▶ WHAT YOU ARE ASKED TO DO: Identify each line below containing the string "Foto" and copy it.

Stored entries
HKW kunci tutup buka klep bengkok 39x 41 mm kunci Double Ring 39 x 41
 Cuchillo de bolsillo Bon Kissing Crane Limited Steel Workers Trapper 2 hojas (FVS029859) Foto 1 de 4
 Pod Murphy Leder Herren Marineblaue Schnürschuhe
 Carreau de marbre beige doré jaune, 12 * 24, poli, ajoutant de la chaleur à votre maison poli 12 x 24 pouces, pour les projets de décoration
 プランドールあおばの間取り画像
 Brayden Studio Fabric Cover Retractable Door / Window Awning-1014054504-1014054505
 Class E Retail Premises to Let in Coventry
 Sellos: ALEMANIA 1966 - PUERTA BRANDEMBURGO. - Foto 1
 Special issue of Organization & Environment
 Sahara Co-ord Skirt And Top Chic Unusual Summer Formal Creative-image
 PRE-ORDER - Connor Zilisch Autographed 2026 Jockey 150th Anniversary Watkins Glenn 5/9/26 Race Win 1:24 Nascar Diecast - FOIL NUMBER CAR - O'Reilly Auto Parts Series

▶ ANSWER SPACE:
 Cuchillo de bolsillo Bon Kissing Crane Limited Steel Workers Trapper 2 hojas (FVS029859) Foto 1 de 4
 Sellos: ALEMANIA 1966 - PUERTA BRANDEMBURGO. - Foto 1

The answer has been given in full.